Excerpted from Greg Garrett's article in Huffington Post on citizenship lessons from the election:
In the course of the last two years, I read current events, theology and the Bible voraciously, trying to come to some conclusions about how faith might be a positive force in our national discourse, not another divisive partisan marker. Far too many of us who call ourselves people of faith, I found, make decisions that stand in some ways opposed to our faith, and that included me. It's still readily apparent in the aftermath of the election: look at those who call themselves Christian who are nonetheless still attacking the opposition or gloating about the downfall of the candidates they grew to loathe.
In the course of writing my column and, finally, the book "Faithful Citizenship," I came to agree with former Republican senator John Danforth that Christians should come to the political process not with "Christian issues" but with the spirit of reconciliation.
I came to agree with Augustine that love and friendship were the transcendent values that should permeate all our social interaction.
I came to the conclusion -- painful for this lifelong partisan Democrat -- that being right (or perceiving myself as right) was less important than reaching out in love to those with whom I disagreed.
Greg then expands why love is important:
Love for others, even when it's difficult, nonetheless is what we're called to do by Jesus, by Paul, by the writer of the Johannine epistles, by Augustine, by Aquinas, by Martin Luther, By John Calvin, by Stanley Hauerwas and by Anne Lamott (who like all of us sometimes finds it hard to forgive).

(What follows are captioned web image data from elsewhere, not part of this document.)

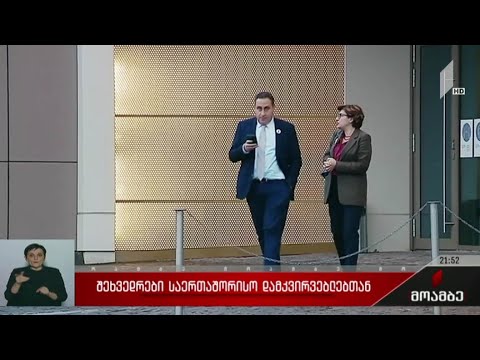 შეხვედრები საერთაშორისო დამკვირვებლებთან
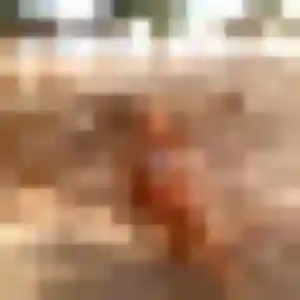 rencontre coquine à Aire-sur-la-Lys : profil de Claire, 44 ans - accès libre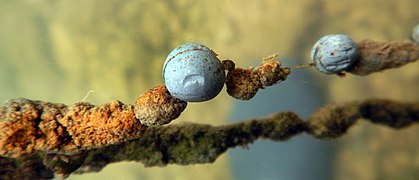 A extrema ecotoxicidade do chumbo inibe a bimineralização numa linha de peca com chumbos.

Love for God and for our neighbor is at the heart of Christian belief and practice, and our friendship is to extend to every member of the human family, even to our enemies, as Augustine wrote in his Letter 130.
That love could transform our political lives -- and the way we see others. It could help to heal our divisions, because as Christians we believe that love has the power to transform not only us but those we love. The message and life of Jesus are proof that God chooses to move in the world not through coercion, but through a call to transformation.
At the same time, I've been writing and teaching that this love should cause us to approach our political life -- in fact, all aspects of our life -- with some humility. We hold our beliefs for reasons that seem right and appropriate to us, but have to realize that those who differ from us hold their beliefs for those same reasons, not to belittle us, not because they are bad or stupid or less human than we are.
Those who differ from us are making decisions based on the best information they have available, and they too are trying to come to some solutions to the big problems they see facing their families, their country and the world.